Print the lines below from the line with "RS PRO Steel" to the line with "Size: 920x788 |" exactly, keeping both ends, and print no pictures.

▶ **SOURCE DATA**:
Content starts
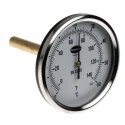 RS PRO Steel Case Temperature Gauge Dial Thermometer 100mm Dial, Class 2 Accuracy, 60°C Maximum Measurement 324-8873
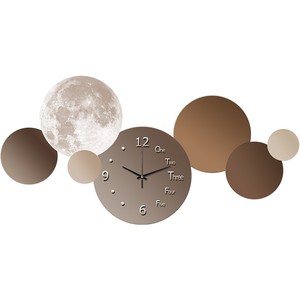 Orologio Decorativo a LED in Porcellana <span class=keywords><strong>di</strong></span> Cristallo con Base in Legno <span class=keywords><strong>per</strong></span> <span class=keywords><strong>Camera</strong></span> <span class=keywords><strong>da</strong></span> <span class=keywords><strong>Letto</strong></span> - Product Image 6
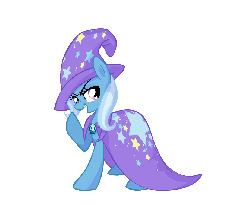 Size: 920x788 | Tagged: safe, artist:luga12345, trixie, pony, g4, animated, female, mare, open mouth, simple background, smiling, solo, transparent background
Content ends
Content starts
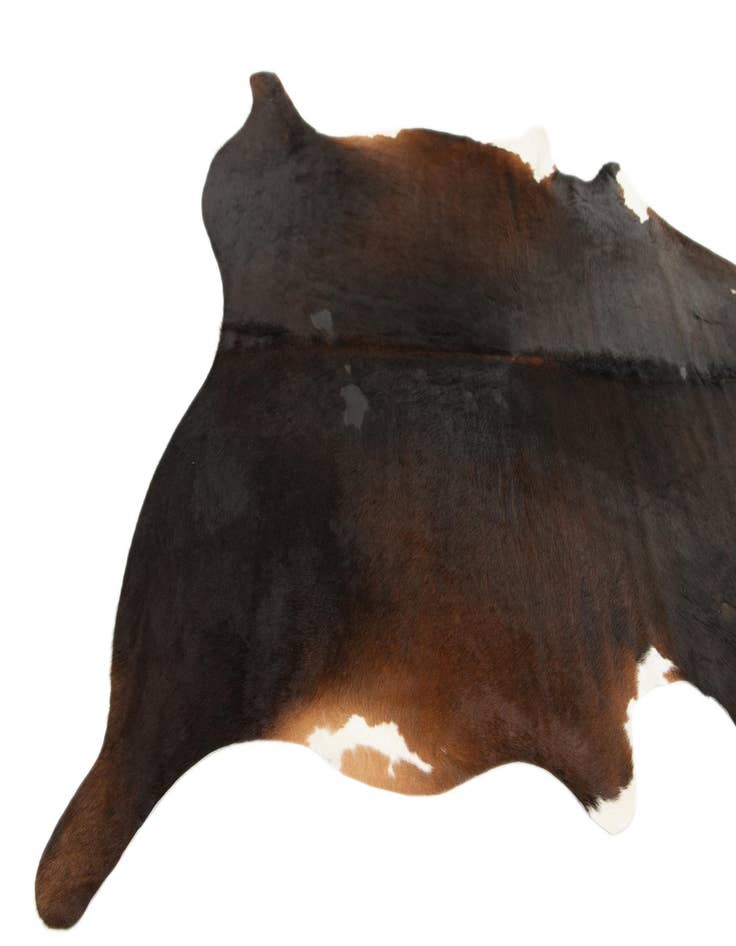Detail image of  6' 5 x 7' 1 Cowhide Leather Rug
Content ends
▶ **WRITTEN RESPONSE**:
 RS PRO Steel Case Temperature Gauge Dial Thermometer 100mm Dial, Class 2 Accuracy, 60°C Maximum Measurement 324-8873
 Orologio Decorativo a LED in Porcellana <span class=keywords><strong>di</strong></span> Cristallo con Base in Legno <span class=keywords><strong>per</strong></span> <span class=keywords><strong>Camera</strong></span> <span class=keywords><strong>da</strong></span> <span class=keywords><strong>Letto</strong></span> - Product Image 6
 Size: 920x788 | Tagged: safe, artist:luga12345, trixie, pony, g4, animated, female, mare, open mouth, simple background, smiling, solo, transparent background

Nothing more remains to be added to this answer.